Tuesday, December 14, 2004

A Confused Kind of Christian

Somebody told me there was a revolution on in Christianity. Being that I'm a product of that famous revolution that happened 'round about 1776 I decided to see if this new revolution was worth joining. I managed to get my hands on a copy of Brian D. McLaren's book A New Kind of Christian, which is apparently the first in a series of books that advocates a shift from 'Modern Christianity' to 'Postmodern Christianity' (this shift is the aforementioned revolution). I read the book relatively slowly, taking notes and trying to see what McLaren had in mind. After reading ANKoC I must say that his vision is not exactly clear (I've been told he is more clear in his subsequent books). I'll explain as we go on.

The book opens with a frustrated pastor who befriends a high school science teacher named 'Neo.' Neo is the postmodern Christian hero of the book, and he introduces the pastor to new way of ministering. Supposedly the Modern Era epistemology that includes pigeon-holing, dissecting God in the name of theology, and reading the Bible as an answer key in the back of text book is out of touch with where the culture is going and if we are going to continue to minister we need to take the postmodern turn.

I find it interesting that almost all of the problems McLaren pointed out I have pointed out to others in the past (and McLaren would certainly put me in the modernist camp).

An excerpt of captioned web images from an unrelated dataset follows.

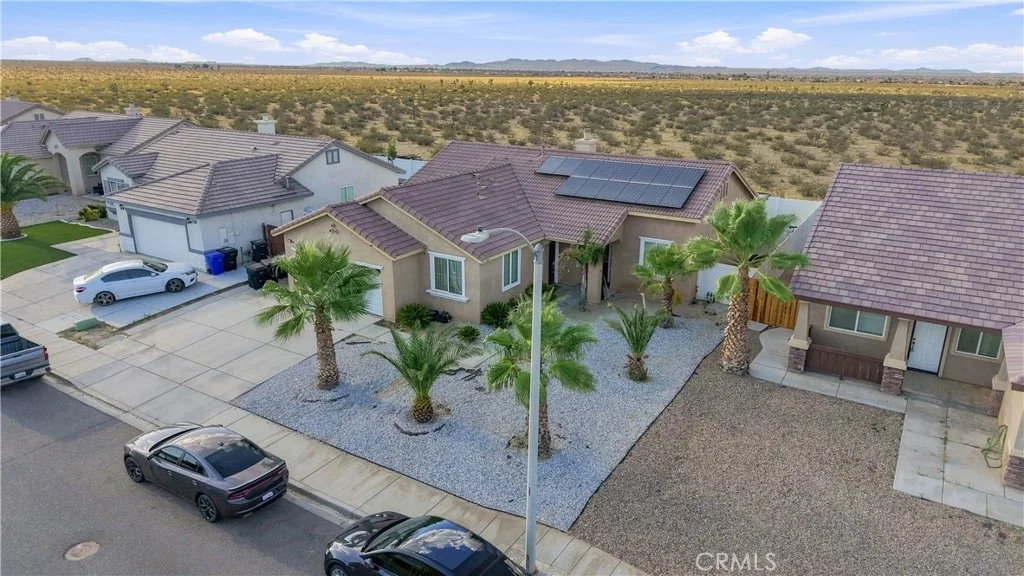 11576 Fern Pine St, Victorville, CA 92392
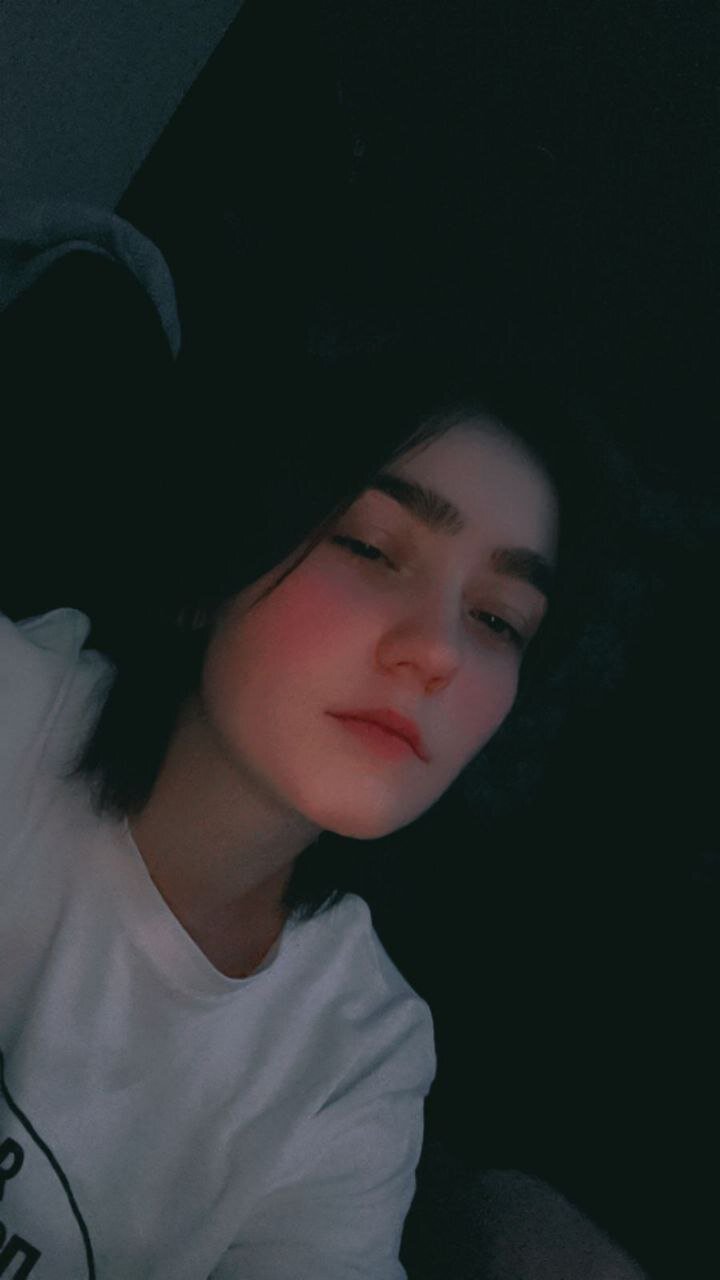 Alex_Mooree_
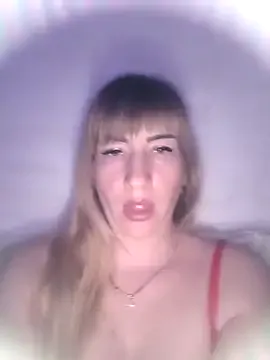 JessCoxx Image 7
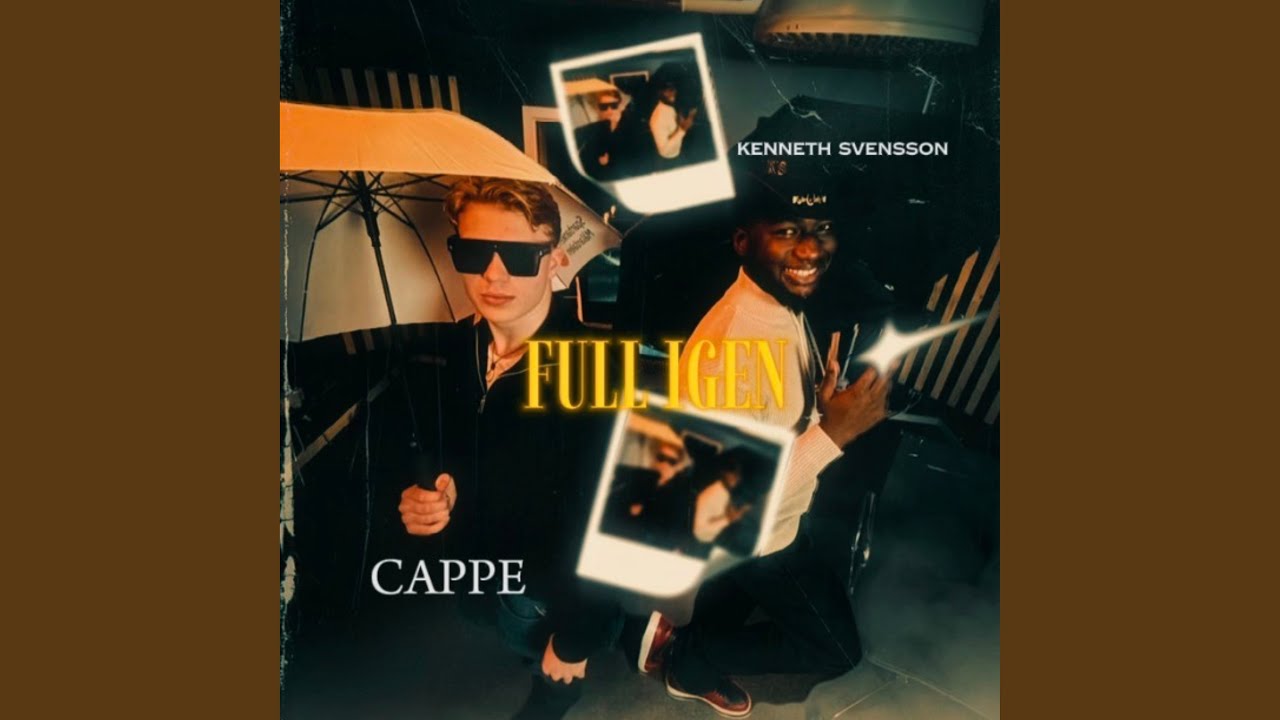 Obejrzyj FULL IGEN w YouTube Obejrzyj FULL IGEN w YouTube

I agree that we do pigeon-hole things and try to make difficult things too black and white. I agree that in the pursuit of theology we often lose emotional connection with God (though I wonder what McLaren would say about me, since my most intense emotional experiences in recent years have come in my theology classes). Again, I agree that the Bible is not to be read as a cheap and easy answer book. What I never heard McLaren state is a compelling reason to go postmodern. The closest thing I read was that this is where our culture was heading, which reminds me less of the early church and more of those who kowtowed to the logical positivists in the early 20th Century. I suspect that postmodernism is going to meet a fate similar to that of logical positivism. Neither are tenable.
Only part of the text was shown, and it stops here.